Diesel singles chronology
| "Come to Me" (1991) | "Tip of My Tongue" (1992) | "Man Alive" (1992) |

= Tip of My Tongue (Diesel song) =

1992 single by Diesel

"Tip of My Tongue" is a song by Australian rock musician Diesel. It was included on his debut album, Hepfidelity (1992). Released in January 1992, the song peaked at number four in Australia and number three in New Zealand. At the ARIA Music Awards of 1993, the song was nominated for Single of the Year, losing to "The Day You Went Away" by Wendy Matthews.

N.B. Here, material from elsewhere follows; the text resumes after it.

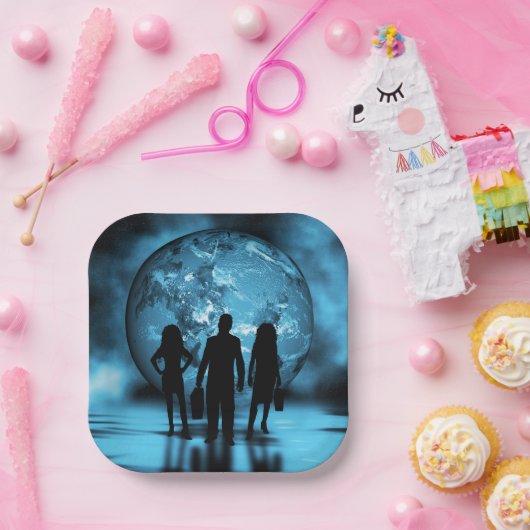 Silhouette von Unternehmensteams Pappteller (Party)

The song was used by the Seven Network in Australia during score updates in its AFL coverage during the 1990s.

==Track listings==
Australian CD single
1. "Tip of My Tongue" – 4:12
2. "Rear View Mirror" – 5:12

European maxi-CD single
1. "Tip of My Tongue" – 4:12
2. "Come to Me" – 4:22
3. "One Thing After Another" – 5:03

Vinyl
1. "Tip of My Tongue" – 4:12
2. "Tell the Truth"

==Charts==

===Weekly charts===

| Chart (1992) | Peak position |
|---|---|
| Australia (ARIA) | 4 |
| Germany (GfK) | 77 |
| New Zealand (Recorded Music NZ) | 3 |

===Year-end charts===

| Chart (1992) | Position |
|---|---|
| Australia (ARIA) | 65 |
| New Zealand (RIANZ) | 45 |

==Certifications==

| Region | Certification | Certified units/sales |
| New Zealand (RMNZ) | Platinum | 30,000^{‡} |
^{‡} Sales+streaming figures based on certification alone.